[Short text fragments from websites]
---+---
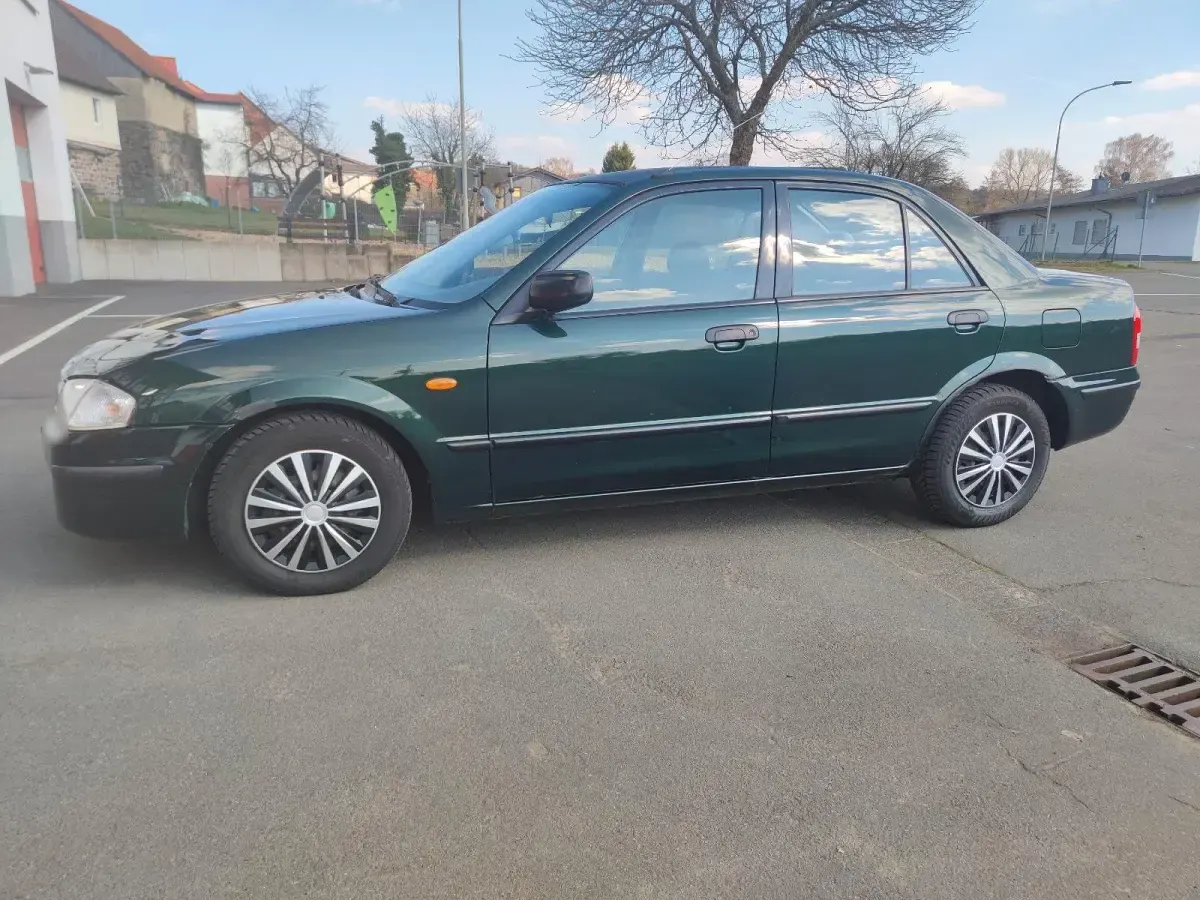 Usata Mazda 323 88 CV (64 kW) 1998 Verde Berlina
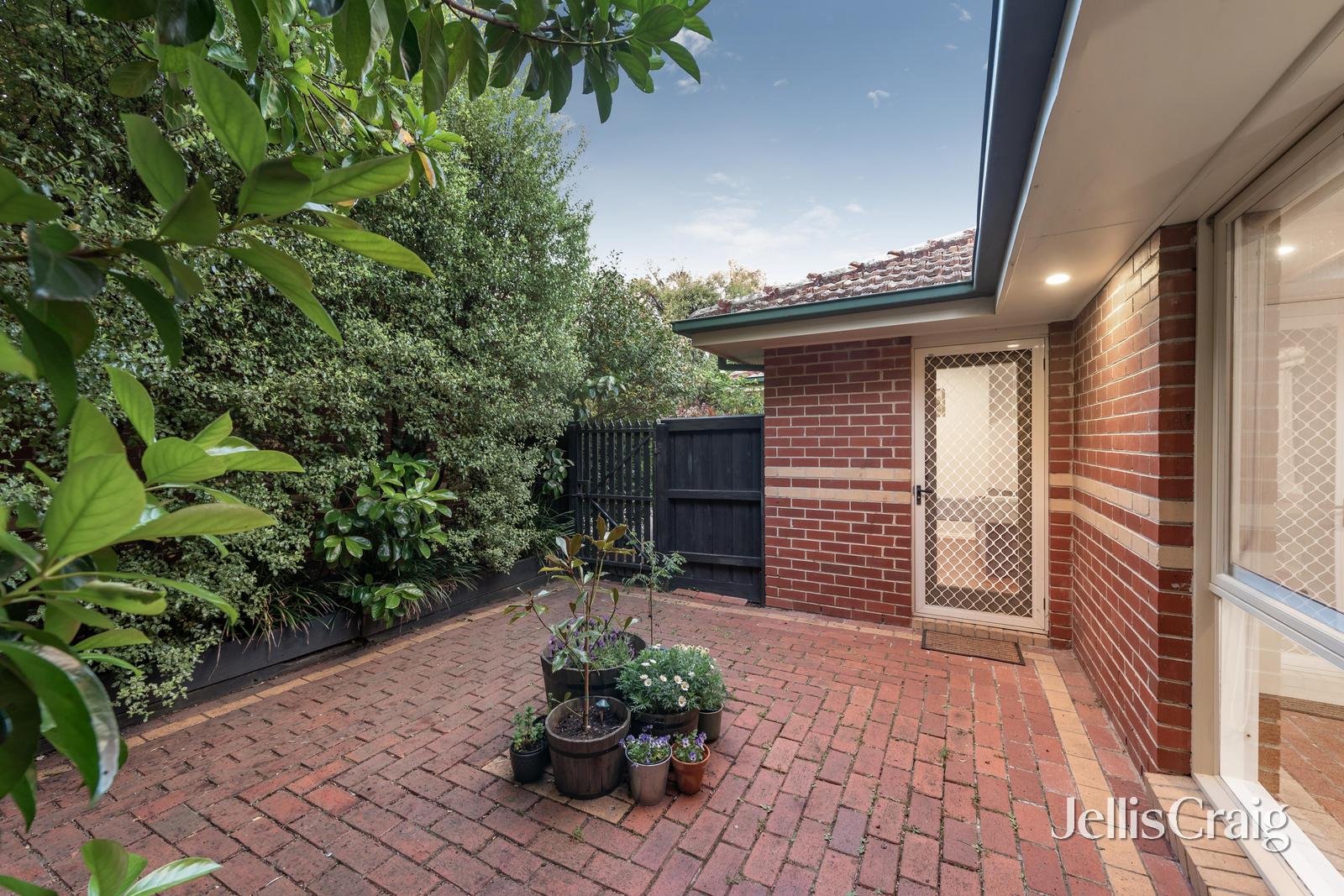 2/40 Elizabeth Street, Bentleigh East image 11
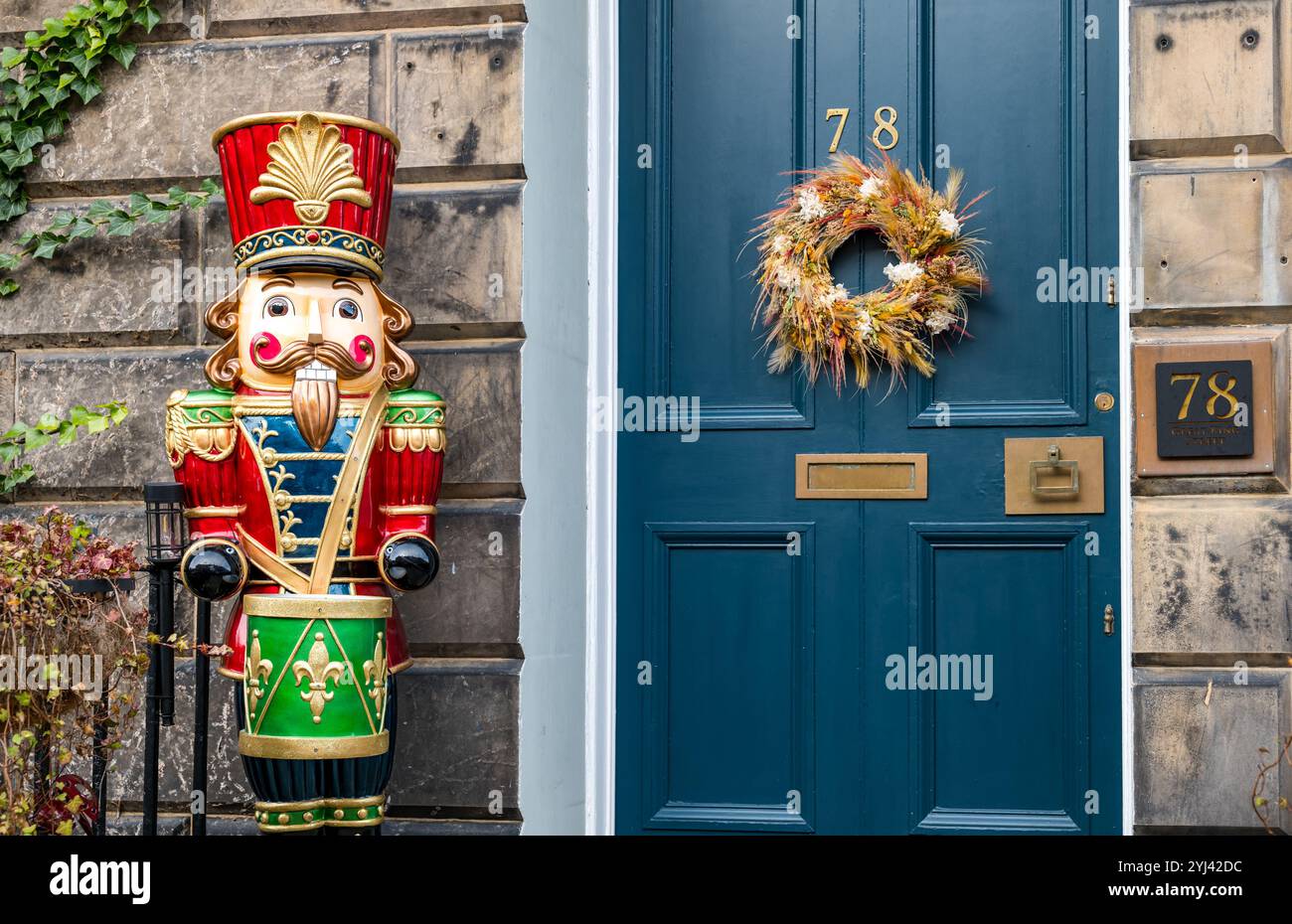 Edimbourg, Écosse, Royaume-Uni, 13 novembre 2024. Décorations de Noël de la nouvelle ville : une propriété résidentielle géorgienne expose déjà des décorations de Noël dans la nouvelle ville, avec une couronne et un casse-noisette grandeur nature sur le pas de la porte. Crédit : Sally Anderson/Alamy Live News Banque D'Images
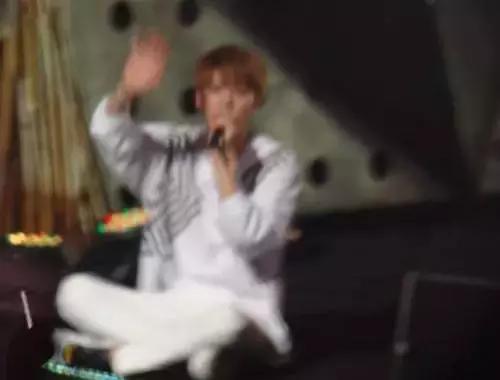 拍照模糊的方法是什么,拍照模糊如何去掉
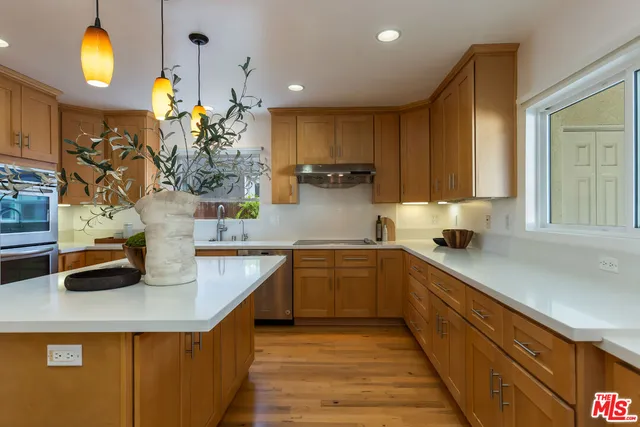 $2,100,000 | 5044 Varna Avenue, Sherman Oaks, CA 91423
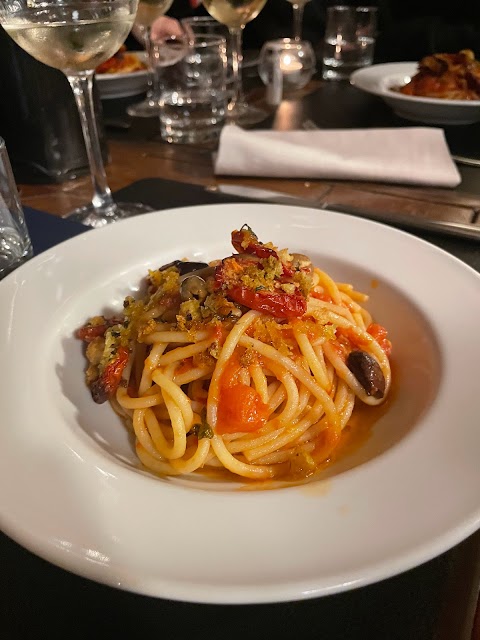 Foto di Enoteca Spiriti - Piazza di Pietra 32, Roma (RM), Italia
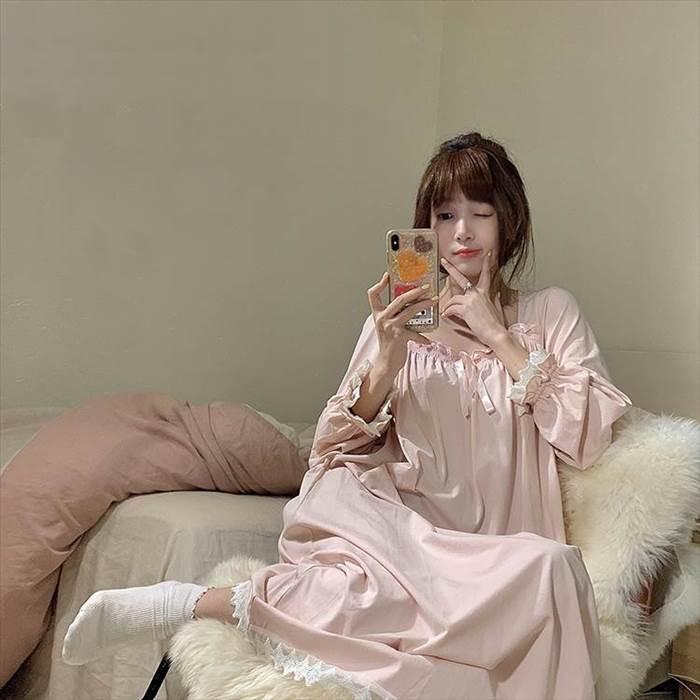 ルームウェア レディース ネグリジェ 部屋着 寝巻き ナイトウェア ロングスカート ロング丈 ロング 袖あり 長袖  襟なし スクエアネック デコルテ ストレート |  | 02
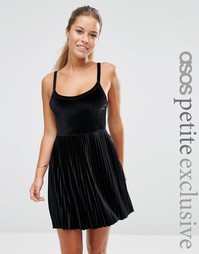 ASOS PETITE Cami Dress with Pleats in Velvet - Черный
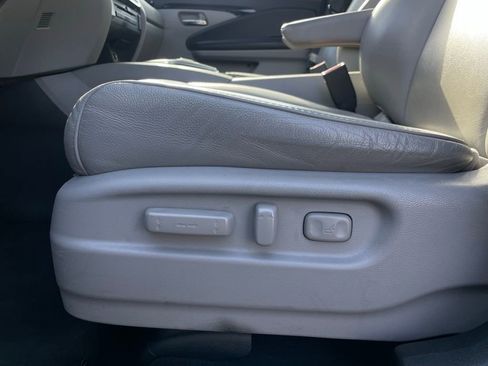 Used 2016 Honda Pilot Touring image 26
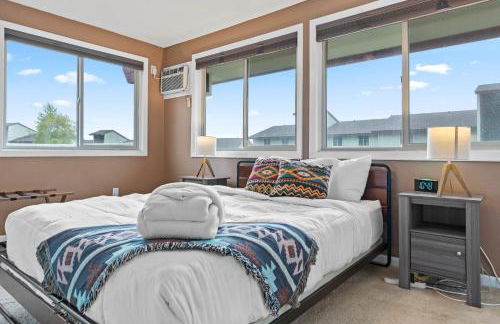 Modern Amenities Gas Fireplace Central Location - Foto 4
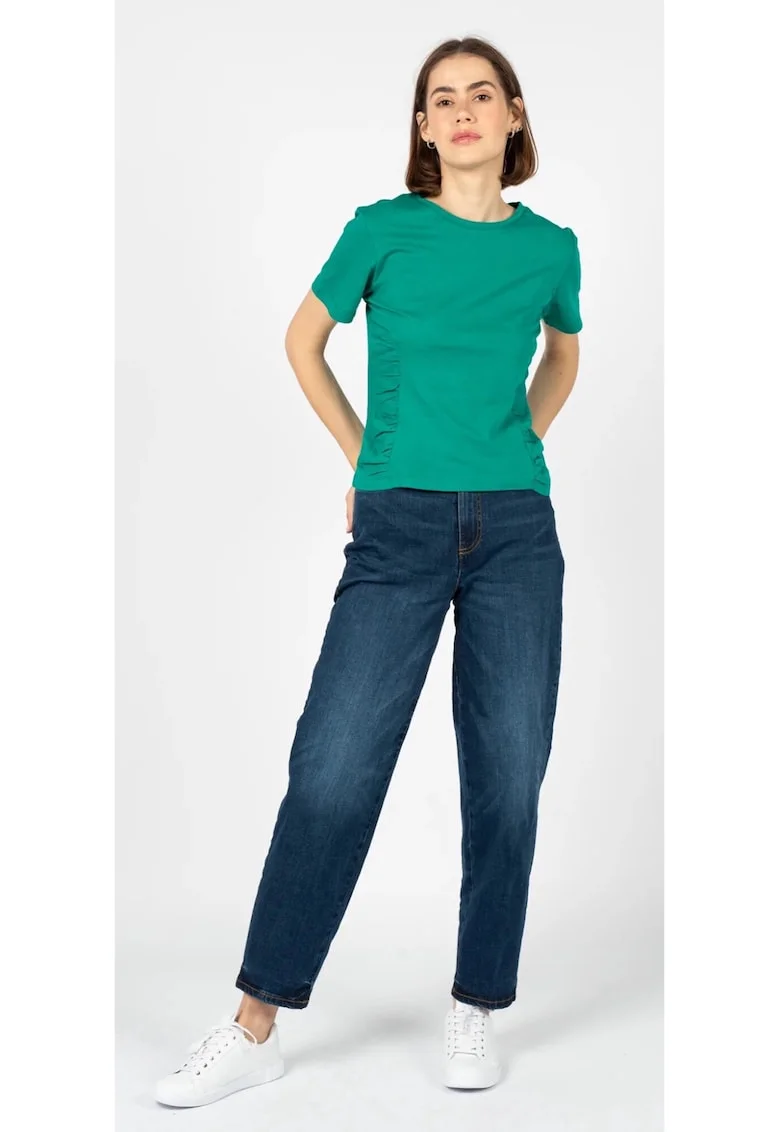 Tricou slim-fit cu decolteu la baza gatului,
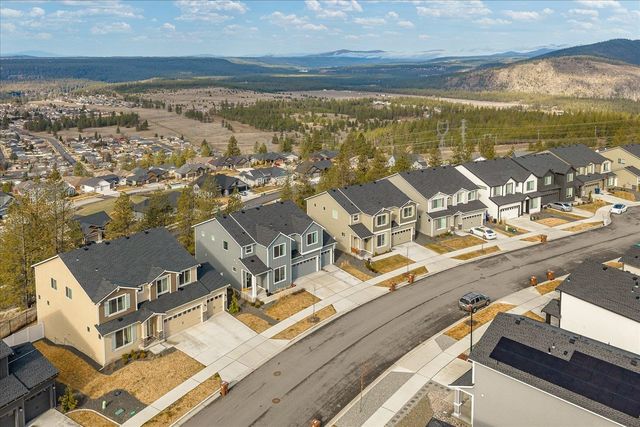 10615 N Paiute Dr, Spokane, WA 99208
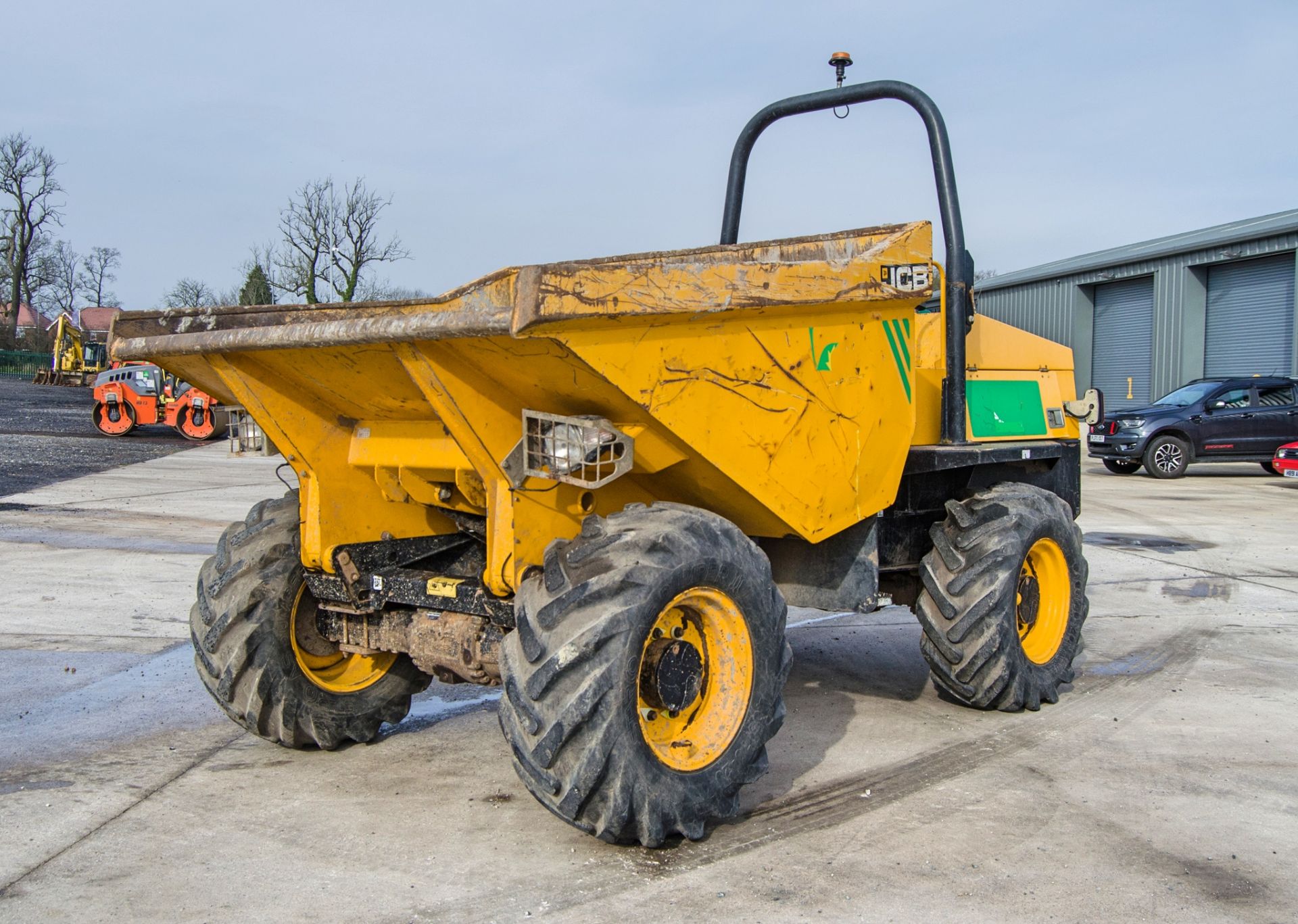 JCB 6 tonne straight skip dumper Year: 2016 S/N: EGGRK0309 Recorded Hours: 1383 A727185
---+---
Task statement — Could you output the lines above exactly, with no pictures included?

Answer for the task —
 Usata Mazda 323 88 CV (64 kW) 1998 Verde Berlina
 2/40 Elizabeth Street, Bentleigh East image 11
 Edimbourg, Écosse, Royaume-Uni, 13 novembre 2024. Décorations de Noël de la nouvelle ville : une propriété résidentielle géorgienne expose déjà des décorations de Noël dans la nouvelle ville, avec une couronne et un casse-noisette grandeur nature sur le pas de la porte. Crédit : Sally Anderson/Alamy Live News Banque D'Images
 拍照模糊的方法是什么,拍照模糊如何去掉
 $2,100,000 | 5044 Varna Avenue, Sherman Oaks, CA 91423
 Foto di Enoteca Spiriti - Piazza di Pietra 32, Roma (RM), Italia
 ルームウェア レディース ネグリジェ 部屋着 寝巻き ナイトウェア ロングスカート ロング丈 ロング 袖あり 長袖  襟なし スクエアネック デコルテ ストレート |  | 02
 ASOS PETITE Cami Dress with Pleats in Velvet - Черный
 Used 2016 Honda Pilot Touring image 26
 Modern Amenities Gas Fireplace Central Location - Foto 4
 Tricou slim-fit cu decolteu la baza gatului,
 10615 N Paiute Dr, Spokane, WA 99208
 JCB 6 tonne straight skip dumper Year: 2016 S/N: EGGRK0309 Recorded Hours: 1383 A727185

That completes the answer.